Interpretation of decreased values (in serum; hypokalemia (potassium deficiency)).
- Alimentary (nutritional)
- Excessive sodium intake (can lead to potassium depletion).
- Total parenteral nutrition – complete nutrition through the veins.
- Starvation
- Endocrinological causes
- Potassium shift into cells by insulin, epinephrine and aldosterone.
- Decrease in total body potassium – renal loss (loss through the kidneys) due to hyperaldosteronism (primary and secondary) – increase in blood aldosterone, which regulates salt-water balance.
- Metabolic (metabolic) disorders.
- Alkalosis (metabolic) – excessive alkalinity in the blood.
- Hypomagnesemia (magnesium deficiency) – the permeability of potassium through the potassium channels is increased, leading to renal potassium losses – in addition, the high permeability of potassium affects the myocardial action potential
- Decrease in total body potassium – renal loss (loss via the kidneys) due to renal tubular acidosis.
- Diseases
- Hypokalemic periodic paralysis (HTTP) – genetic disorder leading to circa one-hour flaccid paralysis (motor muscle paresis; e.g., leg paresis/leg weakness).
- Decrease in total body potassium – gastrointestinal loss (via the gastrointestinal tract) due to vomiting and diarrhea (diarrhea) or intestinal fistulas.
- Decrease in total body potassium – renal loss (loss via the kidneys) in renal insufficiency and osmotic diuresis in diabetes mellitus.
- Medication – lowering of total body potassium.
- Amphotericin B (antifungal; antifungal agent).
- Betamimetics (synonyms: β2-sympathomimetics, also β2-adrenoceptor agonists) – fenoterol, formoterol, hexoprenaline, indaceterol, olodaterol, ritodrine, salbutamol, salmeterol, terbutaline
- Diuretics
- Loop diuretics (etacrynic acid, furosemide, piretanide, torasemide).
- Thiazide diuretics (hydrochlorothiazide (HCT), benzthiazide, clopamide, chlortalidone (CTDN), chlorothiazide, hydroflumethiazide, indapamide, methyclothiazide, metolazone, polythiazide and trichloromethiazide, xipamide).
- Laxatives (laxatives) such as lactulose.
- For other medications, see “Hypokalemia (potassium deficiency) due to medications.”
- Increased demand
- Women respectively men ≥ 65 years (due to insufficient food intake, frequent use of medications – diuretics, laxatives).
- Discussed is an increased need for athletes and heavy workers (after several hours of continuous exercise about 300 mg potassium / liter are lost through sweat)
- Hypothermia (hypothermia)
- Poisoning with barium
- Other increased loss (sweating)
Other notes
- Pseudohyperkalemia, i.e., a falsely high serum potassium level, occurs when either erythrocytes (red blood cells), leukocytes (white blood cells), or platelets lyse (dissolve “in the test tube”) in vitro and release their potassium into the serum (hemolysis/dissolution of red blood cells).
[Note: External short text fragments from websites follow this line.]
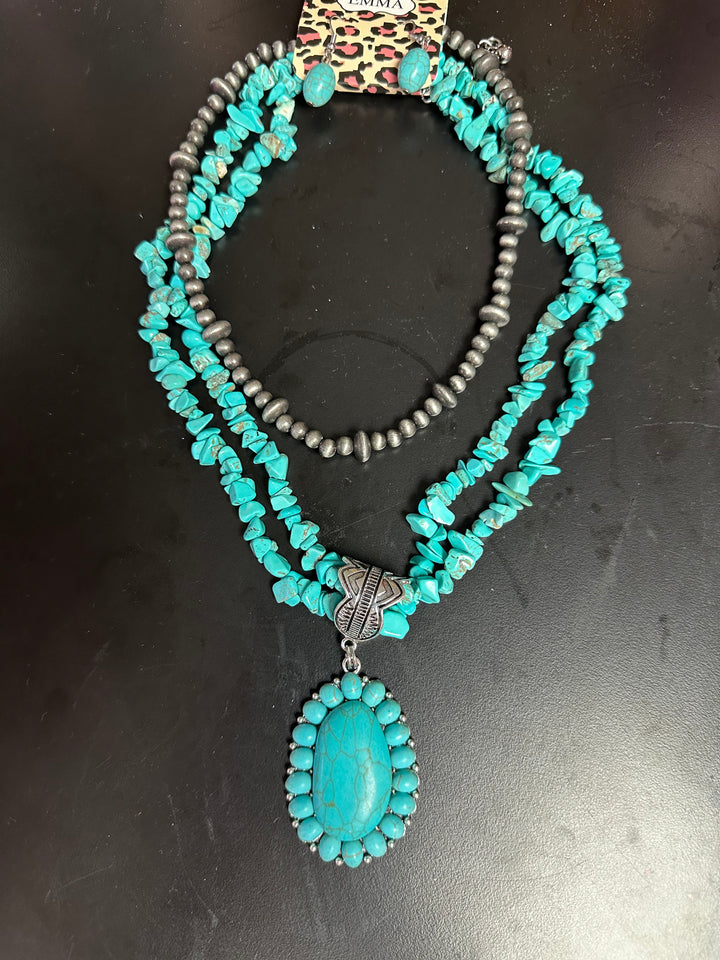 Turquoise Triple Strand Pendant Necklace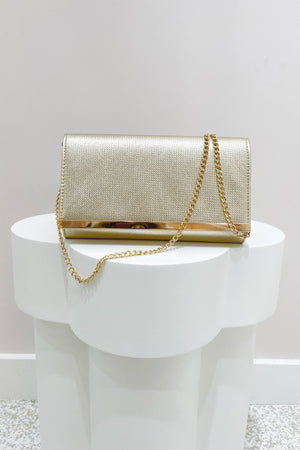 Olga Berg Maddie Metallic Embossed Fold Over Clutch | Gold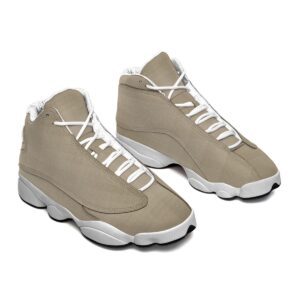 Khaki-Gradient Texture Design - Men's Curved Basketball Shoes With Thick Soles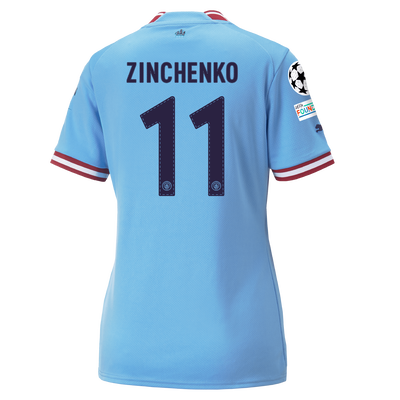 Women's Manchester City Home Jersey 22/23 with ZINCHENKO 11 printing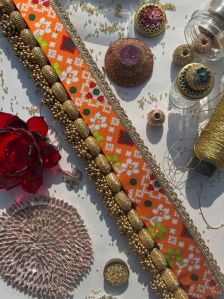frozen orange patola og inflorescence divine pichwai single bead toran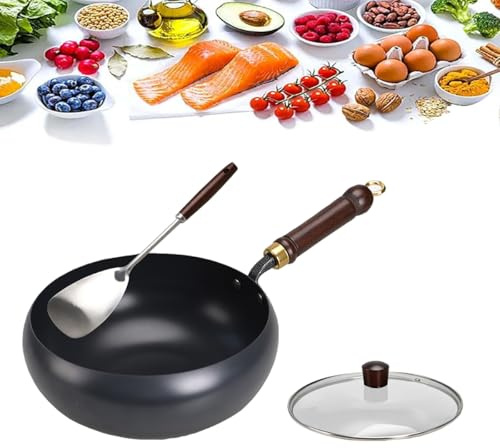 Yowikuw pentola wok in ferro 28 cm, non rivestita, forgiata a mano | antiaderente naturale, resistente e antiruggine, fondo tondo, compatibile con gas e induzione, con coperchio in vetro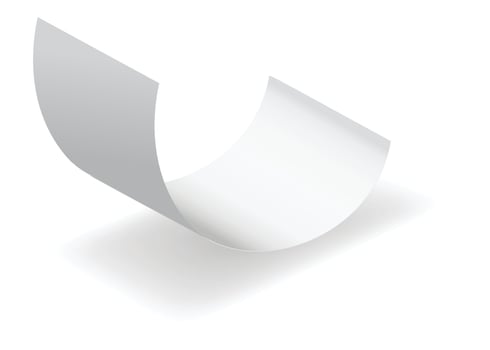 Payment check and receipts with shadow. Curved financial paper, purchase invoice. Buying, bill or calculate pay. Receipt the seller forms vector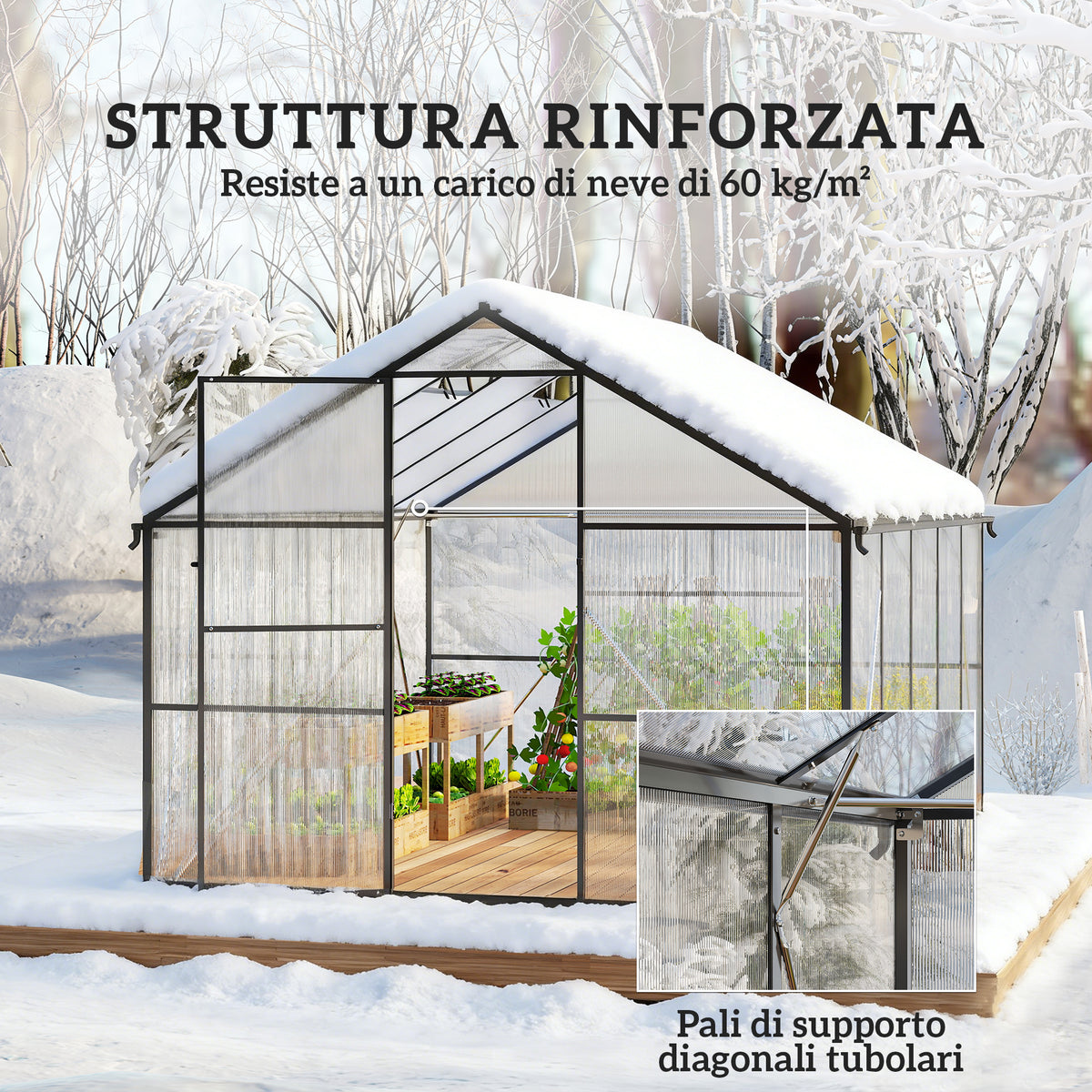 Outsunny PC and Aluminum Vegetable Garden Greenhouse with Hinged Door and 2 Adjustable Windows, 304x247x205 cm, Black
Other causes of pseudohyperkalemia include the occurrence of leukocytosis (> 50,000 leukocytes/mm3), hereditary spherocytosis (spherocytic anemia), incorrect blood collection (too long venous stasis → hemolysis) or after blood collection too long storage of the blood (leads to an artificial increase in potassium).
- Since the majority of potassium is intracellular, an electrocardiogram (ECG) should always be recorded if a disturbance in potassium concentration is suspected, in order to better detect disturbances.
- Calculation of potassium deficit: 1 mmol deviation of the potassium level corresponds approximately to a potassium deficiency of 100 mmol (1 mmol potassium corresponds to 39.1 mg).
- The normal requirement for potassium in women as well as men is 4,000 mg/d.